Sentado en el pico de la mesa de su despacho, Pedro Pardo, en camisa y tirantes, escucha las explicaciones que le da Felipe Naranjo, el ya ex-director de Palmersa, visiblemente nervioso, desde una de las dos sillas de confidente. En la otra se sienta Luciano Blanco, el hombre de confianza de Pardo.
—¿O sea que ahora ese cabrón tiene en su poder toda la información de tu ordenador? —dice Pedro pidiendo confirmación a su sospecha. La mirada fija de sus ojos grises mete más presión si cabe a su pregunta.
—Sí, pero no os preocupéis —dice Felipe mirando alternativamente a sus dos contertulios—,  yo no guardaba ahí nada importante, sólo los correos de la empresa—se justifica.
—¡Los correos de la empresa! ¡Casi nada! —exclama Pedro Pardo meneando la cabeza desaprobatoriamente. A continuación se dirige a Luciano—. ¿Qué es exactamente lo que hemos estado haciendo desde Palmersa?
—Me temo que algunos pagos muy sensibles —informa el lugarteniente a su jefe—. Si alguien con conocimientos suficientes se mete en esa contabilidad y tira del hilo encontrará información muy comprometedora para varios concejales, incluso para algún ministro.

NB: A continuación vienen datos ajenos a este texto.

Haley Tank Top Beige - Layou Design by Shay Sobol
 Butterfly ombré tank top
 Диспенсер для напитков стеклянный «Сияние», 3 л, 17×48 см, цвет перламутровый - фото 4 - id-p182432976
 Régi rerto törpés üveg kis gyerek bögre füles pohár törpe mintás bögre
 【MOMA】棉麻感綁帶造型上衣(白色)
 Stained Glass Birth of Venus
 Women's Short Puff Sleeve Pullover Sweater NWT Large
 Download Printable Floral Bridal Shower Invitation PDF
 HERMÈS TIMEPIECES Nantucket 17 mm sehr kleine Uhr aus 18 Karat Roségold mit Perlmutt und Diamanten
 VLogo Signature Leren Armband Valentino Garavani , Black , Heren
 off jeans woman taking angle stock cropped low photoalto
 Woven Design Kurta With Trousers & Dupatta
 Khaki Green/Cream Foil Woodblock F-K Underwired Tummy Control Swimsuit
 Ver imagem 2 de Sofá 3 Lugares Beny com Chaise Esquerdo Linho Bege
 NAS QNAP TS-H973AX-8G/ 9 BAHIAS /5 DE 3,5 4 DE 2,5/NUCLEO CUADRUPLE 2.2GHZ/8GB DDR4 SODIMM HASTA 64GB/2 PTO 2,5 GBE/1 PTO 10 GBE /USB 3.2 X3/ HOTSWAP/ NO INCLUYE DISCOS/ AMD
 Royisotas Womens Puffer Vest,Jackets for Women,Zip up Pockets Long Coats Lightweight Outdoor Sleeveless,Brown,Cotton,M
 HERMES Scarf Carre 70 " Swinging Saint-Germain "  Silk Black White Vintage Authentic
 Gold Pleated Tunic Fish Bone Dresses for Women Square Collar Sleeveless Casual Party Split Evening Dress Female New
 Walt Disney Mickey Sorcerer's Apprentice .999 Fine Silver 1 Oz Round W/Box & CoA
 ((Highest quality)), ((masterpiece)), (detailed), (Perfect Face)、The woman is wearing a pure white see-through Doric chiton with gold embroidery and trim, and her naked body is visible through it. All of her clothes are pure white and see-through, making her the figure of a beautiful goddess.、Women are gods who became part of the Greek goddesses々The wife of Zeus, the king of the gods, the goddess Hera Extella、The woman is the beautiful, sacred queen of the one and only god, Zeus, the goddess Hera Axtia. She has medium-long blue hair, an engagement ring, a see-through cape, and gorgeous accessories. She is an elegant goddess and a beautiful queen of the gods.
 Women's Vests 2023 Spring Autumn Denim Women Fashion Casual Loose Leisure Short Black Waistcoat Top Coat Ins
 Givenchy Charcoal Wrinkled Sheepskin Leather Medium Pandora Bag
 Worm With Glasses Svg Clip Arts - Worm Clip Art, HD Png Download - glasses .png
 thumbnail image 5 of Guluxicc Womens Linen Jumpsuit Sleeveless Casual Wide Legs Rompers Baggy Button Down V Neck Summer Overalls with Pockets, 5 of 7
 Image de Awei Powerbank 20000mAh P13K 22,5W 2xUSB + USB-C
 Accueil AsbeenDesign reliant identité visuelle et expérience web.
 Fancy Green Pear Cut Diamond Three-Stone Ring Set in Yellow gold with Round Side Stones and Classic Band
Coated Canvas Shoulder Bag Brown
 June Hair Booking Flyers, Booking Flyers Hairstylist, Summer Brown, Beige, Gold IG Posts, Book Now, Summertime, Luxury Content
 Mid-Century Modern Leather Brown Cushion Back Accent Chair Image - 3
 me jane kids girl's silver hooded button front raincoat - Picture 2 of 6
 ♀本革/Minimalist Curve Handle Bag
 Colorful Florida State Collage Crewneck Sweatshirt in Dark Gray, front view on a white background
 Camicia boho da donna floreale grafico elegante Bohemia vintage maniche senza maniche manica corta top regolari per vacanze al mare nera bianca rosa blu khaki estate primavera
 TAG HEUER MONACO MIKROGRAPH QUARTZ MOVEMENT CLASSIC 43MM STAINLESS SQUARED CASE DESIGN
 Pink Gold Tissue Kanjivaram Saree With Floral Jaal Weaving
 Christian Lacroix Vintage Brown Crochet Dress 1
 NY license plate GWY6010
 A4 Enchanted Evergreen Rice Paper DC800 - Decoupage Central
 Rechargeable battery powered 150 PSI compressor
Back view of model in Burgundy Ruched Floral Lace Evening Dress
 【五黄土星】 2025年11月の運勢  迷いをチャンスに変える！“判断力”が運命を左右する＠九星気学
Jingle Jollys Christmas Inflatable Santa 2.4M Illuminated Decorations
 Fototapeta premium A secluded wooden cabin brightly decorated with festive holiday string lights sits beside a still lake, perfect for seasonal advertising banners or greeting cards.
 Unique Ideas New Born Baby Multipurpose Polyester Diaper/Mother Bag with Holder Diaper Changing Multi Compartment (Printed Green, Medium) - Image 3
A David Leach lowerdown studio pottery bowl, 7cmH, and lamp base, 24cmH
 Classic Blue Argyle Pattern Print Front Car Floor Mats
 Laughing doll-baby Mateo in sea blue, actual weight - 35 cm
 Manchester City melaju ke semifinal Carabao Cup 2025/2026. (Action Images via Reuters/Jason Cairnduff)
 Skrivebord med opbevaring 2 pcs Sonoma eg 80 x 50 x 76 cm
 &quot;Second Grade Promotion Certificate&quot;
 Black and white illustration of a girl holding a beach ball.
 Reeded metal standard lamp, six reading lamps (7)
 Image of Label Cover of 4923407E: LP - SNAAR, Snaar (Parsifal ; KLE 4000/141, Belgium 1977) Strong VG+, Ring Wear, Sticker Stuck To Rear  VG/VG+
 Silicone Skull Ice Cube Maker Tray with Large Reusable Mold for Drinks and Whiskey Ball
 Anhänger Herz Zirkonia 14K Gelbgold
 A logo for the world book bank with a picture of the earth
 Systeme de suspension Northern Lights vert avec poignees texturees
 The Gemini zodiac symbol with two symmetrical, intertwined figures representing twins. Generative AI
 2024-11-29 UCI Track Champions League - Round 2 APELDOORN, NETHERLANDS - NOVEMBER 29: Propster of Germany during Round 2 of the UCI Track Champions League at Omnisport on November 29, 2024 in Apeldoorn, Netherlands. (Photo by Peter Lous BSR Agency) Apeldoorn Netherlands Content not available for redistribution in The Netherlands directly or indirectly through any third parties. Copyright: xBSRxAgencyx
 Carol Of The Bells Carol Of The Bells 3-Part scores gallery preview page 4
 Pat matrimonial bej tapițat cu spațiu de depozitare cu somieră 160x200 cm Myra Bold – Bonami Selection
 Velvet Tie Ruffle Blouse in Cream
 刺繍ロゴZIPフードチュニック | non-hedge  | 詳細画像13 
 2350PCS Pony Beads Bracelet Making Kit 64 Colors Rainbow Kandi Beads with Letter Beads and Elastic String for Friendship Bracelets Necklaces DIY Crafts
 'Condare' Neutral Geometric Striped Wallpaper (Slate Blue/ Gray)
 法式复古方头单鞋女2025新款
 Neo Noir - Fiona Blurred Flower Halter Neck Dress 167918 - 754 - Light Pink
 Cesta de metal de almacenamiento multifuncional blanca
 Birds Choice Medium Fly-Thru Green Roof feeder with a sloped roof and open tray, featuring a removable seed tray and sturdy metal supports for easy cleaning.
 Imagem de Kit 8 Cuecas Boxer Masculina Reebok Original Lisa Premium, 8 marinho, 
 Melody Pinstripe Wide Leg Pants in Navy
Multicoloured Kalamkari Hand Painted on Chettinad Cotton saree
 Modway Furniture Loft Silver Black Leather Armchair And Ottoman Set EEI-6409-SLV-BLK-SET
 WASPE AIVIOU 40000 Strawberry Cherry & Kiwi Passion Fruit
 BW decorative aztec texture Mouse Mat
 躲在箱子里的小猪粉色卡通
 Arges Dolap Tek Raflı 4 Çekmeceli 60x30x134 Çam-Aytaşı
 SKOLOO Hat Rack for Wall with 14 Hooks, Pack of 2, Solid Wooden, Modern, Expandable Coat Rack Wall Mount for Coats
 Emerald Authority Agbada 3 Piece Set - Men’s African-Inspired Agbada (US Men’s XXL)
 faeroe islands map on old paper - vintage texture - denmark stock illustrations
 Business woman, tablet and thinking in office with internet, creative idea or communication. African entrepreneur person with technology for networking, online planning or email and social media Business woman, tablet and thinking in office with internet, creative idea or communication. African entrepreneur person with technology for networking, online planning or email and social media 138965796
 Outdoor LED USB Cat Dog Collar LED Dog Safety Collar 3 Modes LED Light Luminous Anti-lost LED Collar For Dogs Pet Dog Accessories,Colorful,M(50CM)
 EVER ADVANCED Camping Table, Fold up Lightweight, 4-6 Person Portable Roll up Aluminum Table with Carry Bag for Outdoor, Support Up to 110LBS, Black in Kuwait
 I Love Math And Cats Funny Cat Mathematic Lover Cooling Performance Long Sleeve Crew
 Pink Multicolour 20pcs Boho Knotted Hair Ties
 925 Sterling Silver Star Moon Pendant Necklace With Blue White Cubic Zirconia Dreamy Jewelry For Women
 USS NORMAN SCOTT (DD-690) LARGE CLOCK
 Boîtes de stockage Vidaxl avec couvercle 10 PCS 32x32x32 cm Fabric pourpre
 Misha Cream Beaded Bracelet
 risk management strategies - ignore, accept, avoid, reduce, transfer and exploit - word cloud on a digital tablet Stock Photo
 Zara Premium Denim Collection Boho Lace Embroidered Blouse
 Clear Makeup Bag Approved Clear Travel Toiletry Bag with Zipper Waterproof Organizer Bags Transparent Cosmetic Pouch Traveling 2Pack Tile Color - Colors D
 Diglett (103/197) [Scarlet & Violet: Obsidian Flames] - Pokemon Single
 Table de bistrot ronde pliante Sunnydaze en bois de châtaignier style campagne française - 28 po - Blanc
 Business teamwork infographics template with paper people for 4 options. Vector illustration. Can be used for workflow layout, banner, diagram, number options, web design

Pedro Pardo se pone a caminar por el despacho. Deja atrás la zona de trabajo donde se encuentran Luciano y Felipe, pasa junto a un tresillo de diseño actual y un mueble bar bien surtido, y acaba dándose la vuelta junto a la pared del fondo donde tres grandes estores de lamas filtran la luz procedente de un enorme ventanal.
—¡Me cago en la sota de oros! ¿Qué podemos hacer con ese hijo de puta?
—Comprarle la empresa —dice rotundo Luciano—. Ya lo estamos intentando, pero el tipo no quiere hablar con nosotros. Es más, nos reclama un par de facturas que tiene contra una de nuestras empresas fantasma.
—¿Tú estás seguro de que él no conoce el valor de la información que tiene?
—No lo creo, todavía no. Por eso no procede asustarle demasiado, levantaríamos la liebre. Él pretende cerrar sin más y quitarse de problemas.
—¿O sea, que si le pagamos las facturas puede que se olvide de nosotros?
—Puede ser, pero yo prefiero no correr riesgos. Alguien podría abrirle los ojos. No, no. Tenemos que comprársela. Además, si la ponemos a nombre de quien ha llevado la gestión durante los dos últimos años nadie sospechará nada —esto último lo dice Luciano mirando a Felipe que asiente en silencio.
—Bien, pues ¡manos a la obra! Hazle una oferta que no pueda rechazar.
—En ello estamos —confirma Luciano.
Acto seguido, Pedro Pardo se sienta en su sillón y levanta el auricular de un teléfono de sobremesa dando por concluida la reunión. Luciano se levanta y hace una seña a Felipe para que le siga hacia la salida. La diferencia de alturas entre ellos es considerable. Luciano es un hombre alto y elegante mientras que Felipe no llega al metro setenta.